Dia do músico. Podia até ser feriado santo dado o caráter de santo remédio atribuído à música.
O pianista geralmente é visto como um agraciado, um privilegiado que lê hieróglifos e fala pelos dedos. Ou como um chato que martela o piano e o ouvido alheio, que é obrigado ao exercício de escalas musicais enquanto os outros são obrigados ao exercício da tolerância. Aos 13 anos, eu mesmo torturava as ajudantes domésticas tascando-lhes na escuta as escalas de Hanon às duas da tarde. Quando o almoço não tinha sobremesa, aí o castigo infligido era meia hora do terrível "Microkosmos" do Bartók.
À noite, após o jantar e a sagrada reunião familiar, meu pai me pedia: "Filhão, toque aquela música". Era a deixa para eu dedilhar o Pour Elise de Beethoven. Quando recebíamos visitas ilustres, pelo menos ilustres para os meus pais, eu ouvia o indefectível pedido: "Toque aquela música!".
Mas um dia minha ridícula rebeldia pré-adolescente viria à tona. Visitantes na sala, satisfeitos, inclusive com sobremesa, agora era a hora do Beethoven Apaixonado começar a tocar.
Mas que nada. Saí, exibido, dedilhando outra música, acho que era alguma intitulada Gallop du Diable. A música exigia muita técnica, velocidade e força, ou seja, eu parecia um mozartinho embevecido. Após o finale, olhei pra trás esperando aplausos mas só ouvi alguns muxoxos tipo "bom, hein?", "ah, legal". Aí meu pai não resiste e sussurra:"Não, filhão! Toque aquela!". Ok, ao vencedor, Pour Elise. Agora com palmas e mais palmas.
Um músico de personalidade intrigante está no filme O Pianista (2002), de Roman Polanski. O pianista Szpilmann, interpretado por Adrian Brody, é o retrato de um homem que só ressalta sua humanidade através da sua arte, da sua música.

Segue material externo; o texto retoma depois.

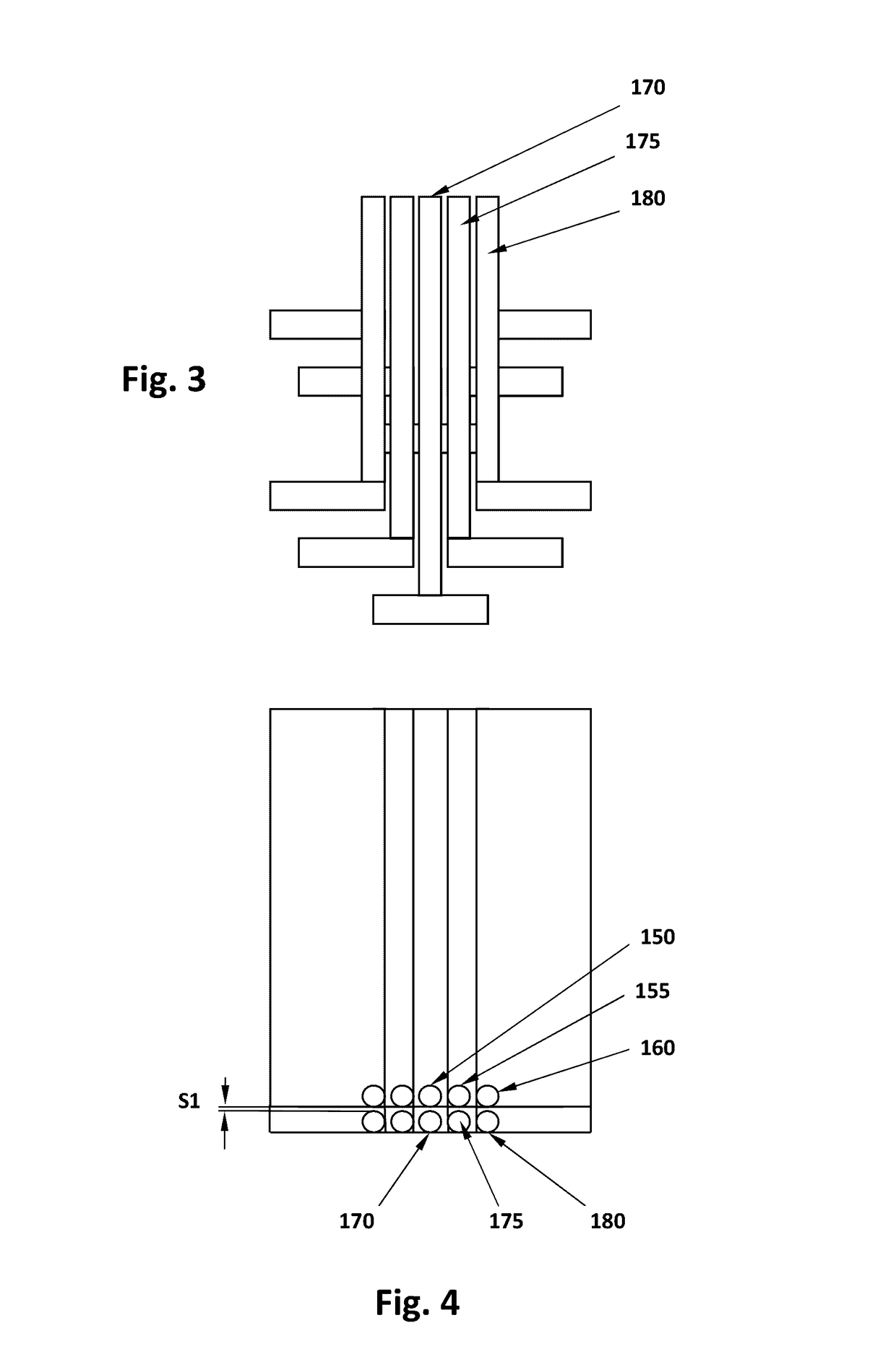 Wearable tactile display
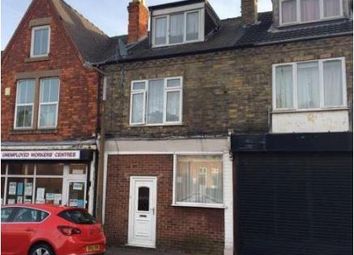 5 Bedroom Terraced house for sale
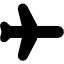 Fn-F11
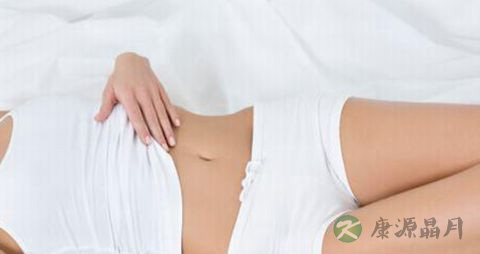 女性小便刺痛是怎么回事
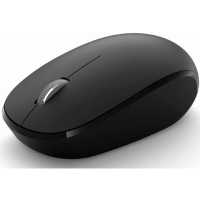 мышь Microsoft Business Black RJR-00010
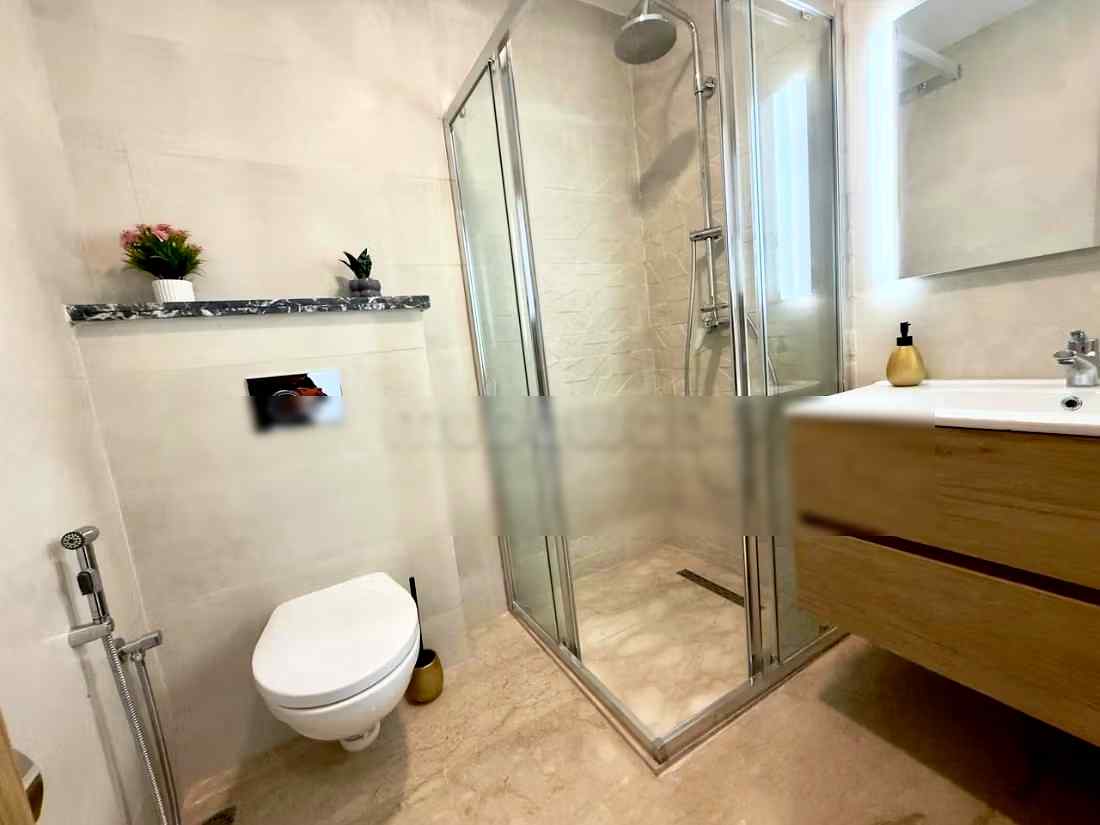 Appartements de vacances à louer  - Hay Houda, Agadir - Photo 161
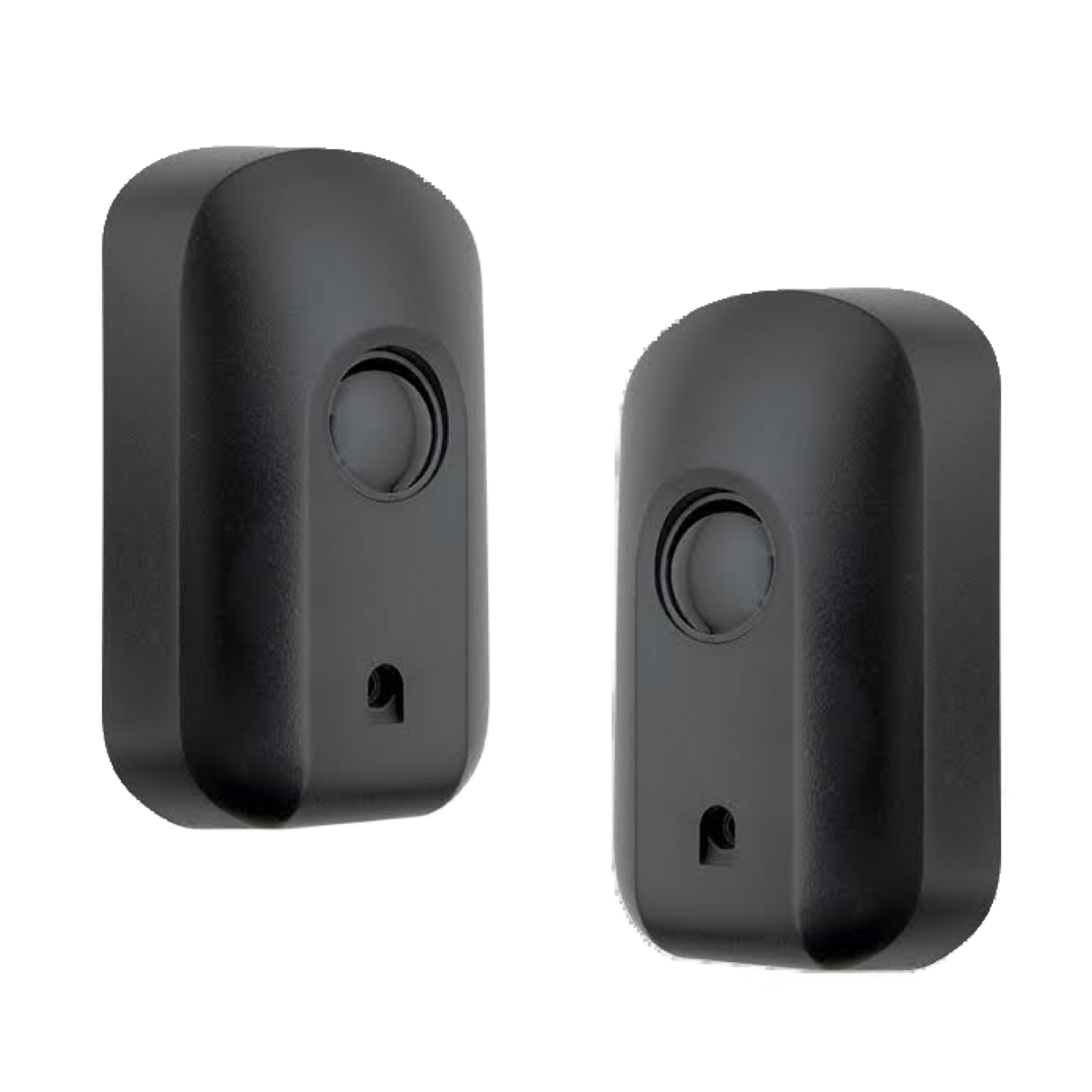 centurion-i5-infrared-safety-beams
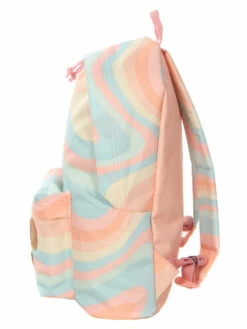 Sac à Dos Rip Curl Surf Gypsy Waves Dome + Trousse 24 Sac à Dos Rip Curl Surf Gypsy Waves Dome + Trousse -Delsey Soldes Magasin sac dos rip curl 856352z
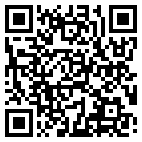 QR Code for Kirkland's Home D Cor in Georgetown, TX 78628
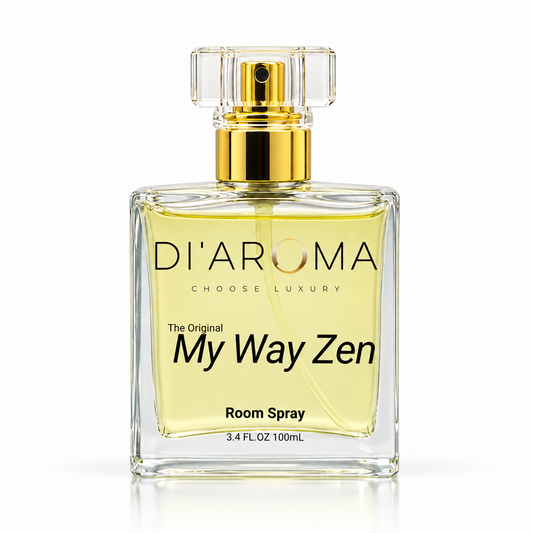 Room Spray 100 ml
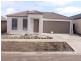4 Royal Park Way, Craigieburn VIC 3064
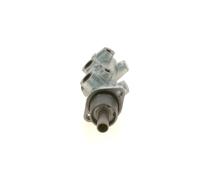 BOSCH F 026 003 615 Maître-cylindre de frein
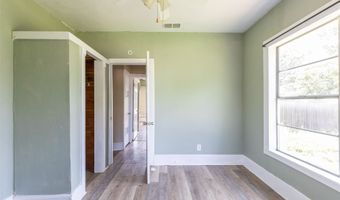 949 Palm St, Abilene, TX 79602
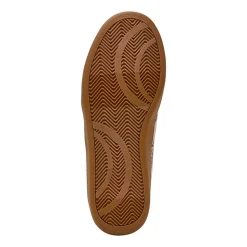 DV8 Vynie Womens Sneakers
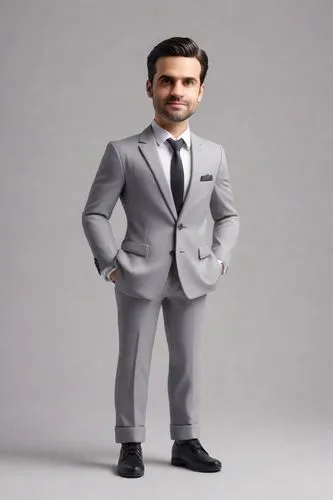 zappacosta,vannucci,3d figure,emraan,kezman,ceo,miniature figure,fabregas,leinart,3d model,rusedski,action figure,vasgersian,soheil,ramin,kellerman,game figure,feddeman,actionfigure,ginobli,Digital Art,Clay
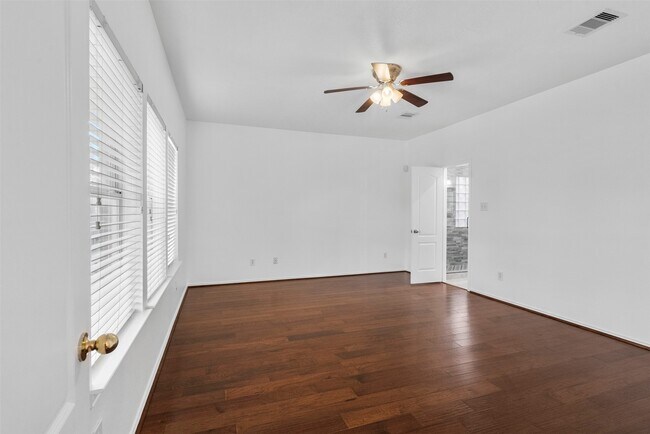 Building Photo - 2610 Cypress Springs Dr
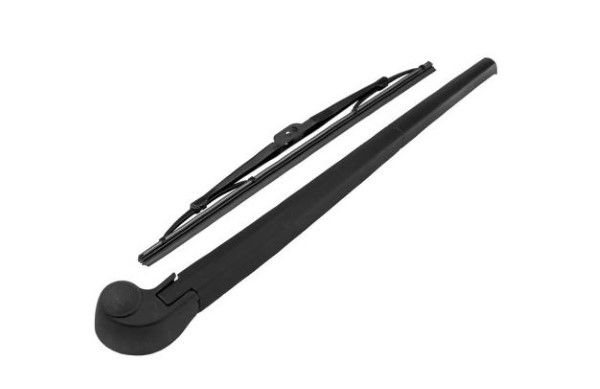 brat stergator, parbriz MTR 12194912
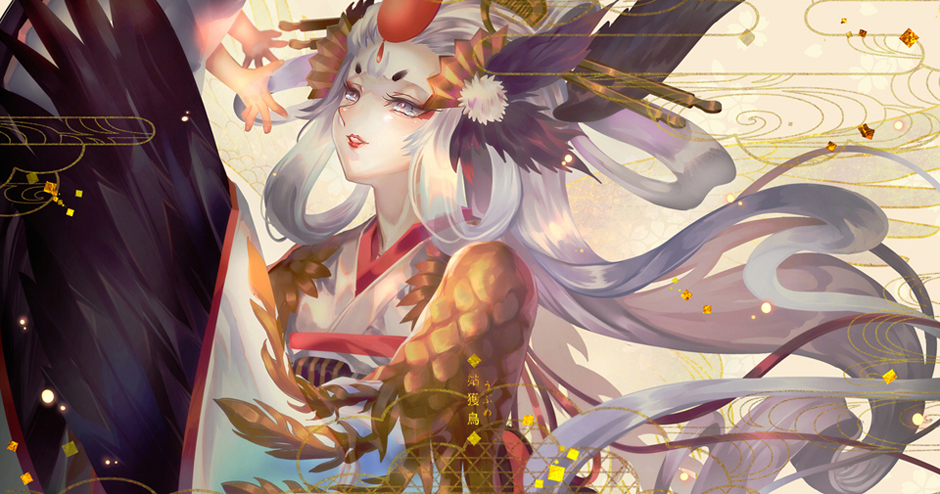 姑姑1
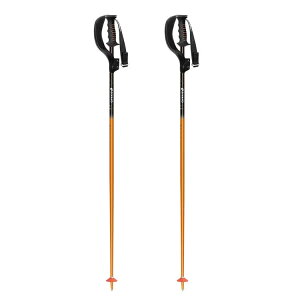 sinano skiing pole [SL-16 {[Ot @13400]Vim XL[|[ yz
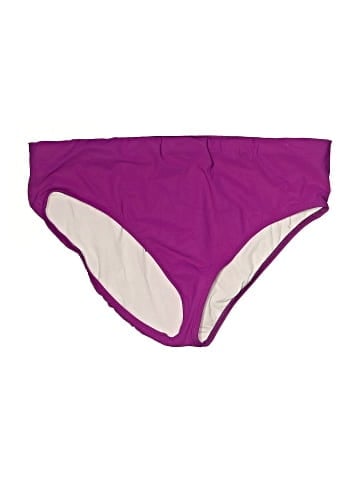 Profile by Gottex Swimsuit Bottoms (view 1)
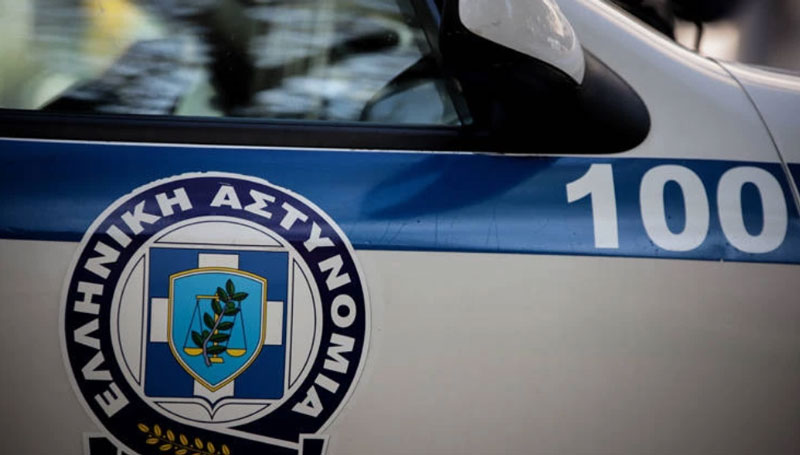 ΕΛΑΣ: Αποδεσμεύονται δεκάδες αστυνομικοί από φρουροί VIP προσώπων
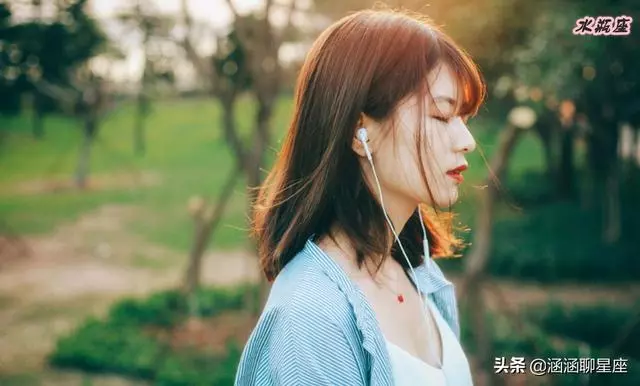 十二星座中,具有真本事,而不是只會耍嘴皮子的四大星座
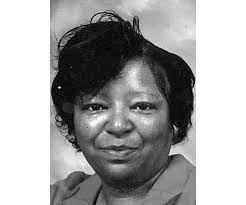 Cecilia Kirtley Obituary (1957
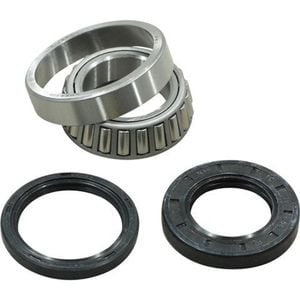 Rear Wheel Bearing Kit For Mitsubishi Starwagon L300 Express Sb Se Sf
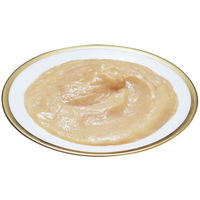 いなば CIAO チャオ ちゅーる 猫 まぐろ＆贅沢サーモン 国産（14g×4本）6袋 ちゅ～る キャットフード 猫用 おやつ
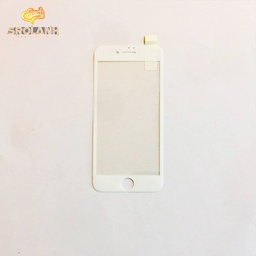 [IC146WH] G-Case Tempered glass 3D nano HD extreme shock resistance iphone7 plus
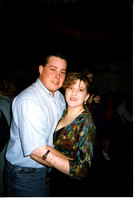 1991 Wayne Toni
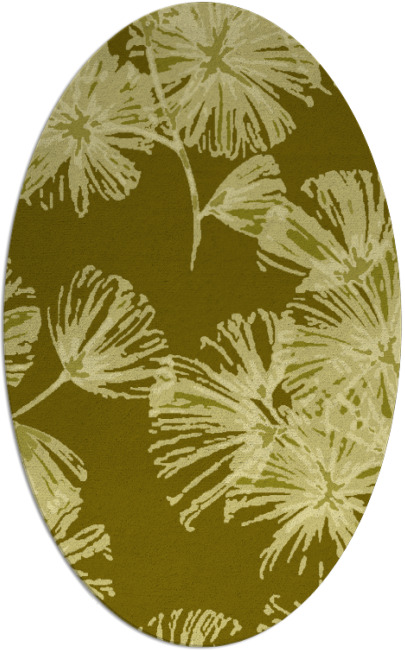 diffuse rug - item 732937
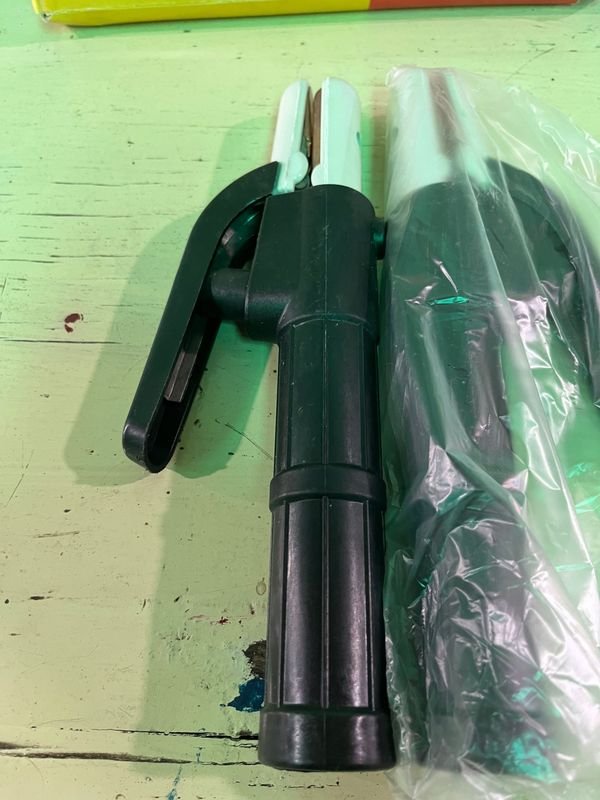 Item 891154 - Image 1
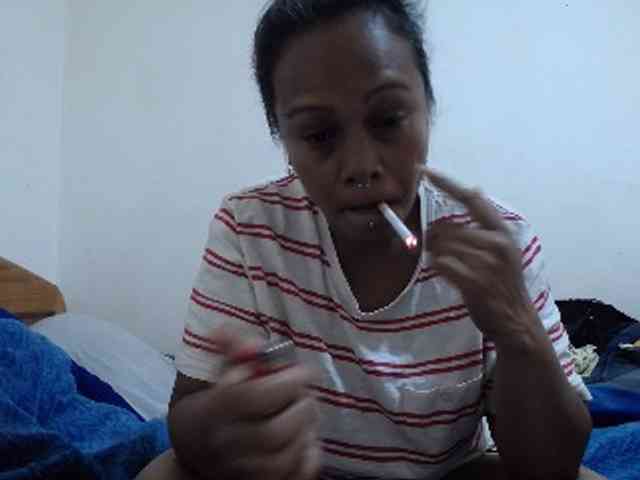 tetedange webcam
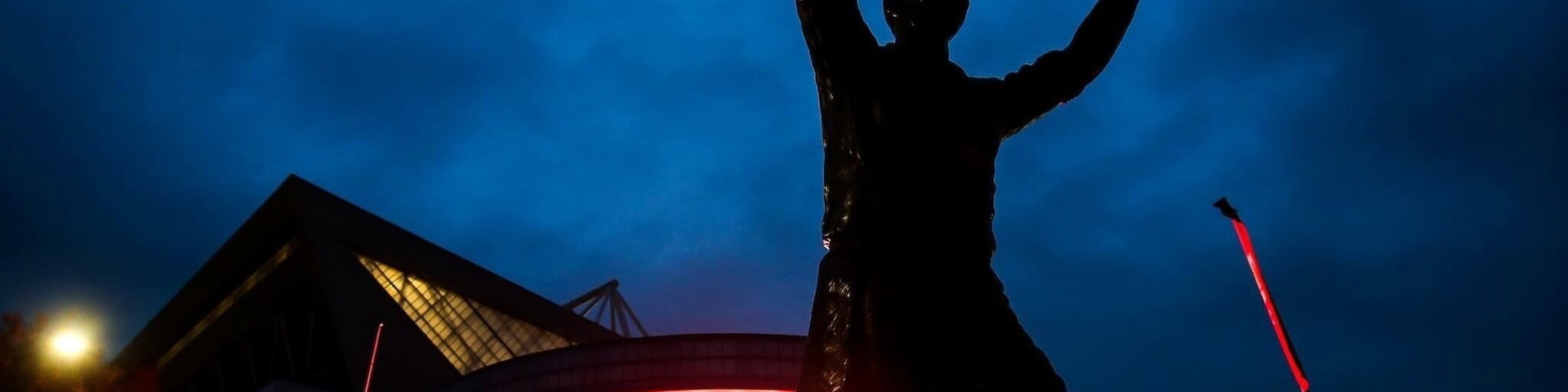 #Bristol #England #Atyeo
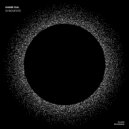 Habib Gul - Syncopate (Acid Mix)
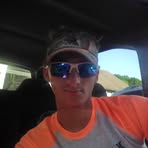 Jacob Neblett - Facebook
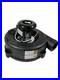 Furnace_Inducer_Motor_Fits_Fasco_Lennox_A163_7021_9450_7021_10302_Emerson_3121_01_fbhx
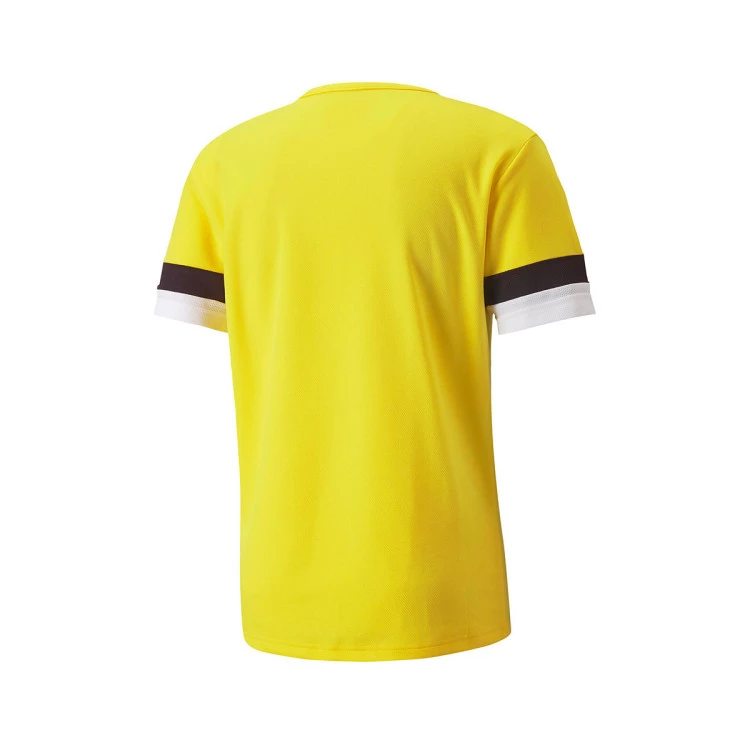 camiseta-puma-teamrise-mc-ce-roda-de-ter-cyber-yellow-black-white-1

Szpilmann teme a guerra, é um filho teu que foge à luta. Ele é um artista que não entende porque os homens preferem atirar uns nos outros em vez de fruir um pouco de Chopin em paz. Chopin, o polonês delicado e irascível, mais amigo das artes que dos homens, cuja música é ponto central de um filme que parece falar de guerra e intolerância, quando na verdade fala de atitudes humanas diante da tragédia.
Comova-me ou devoro-te! A cena do pianista judeu-polonês, famélico, em farrapos, recebendo a Esfinge em forma de oficial nazista em meio a ruínas é significativa. O alemão acabou de tocar o Beethoven da Sonata ao Luar e, ao descobrir a triste figura de Szpilmann, exige dele: se você é mesmo pianista, toque! O fugitivo poderia tocar a Apassionata ou até mesmo, de forma colaboracionista, tocar um arranjo para piano do 2º movimento do Quarteto op. 76, de Haydn, também conhecido como o hino nacional alemão.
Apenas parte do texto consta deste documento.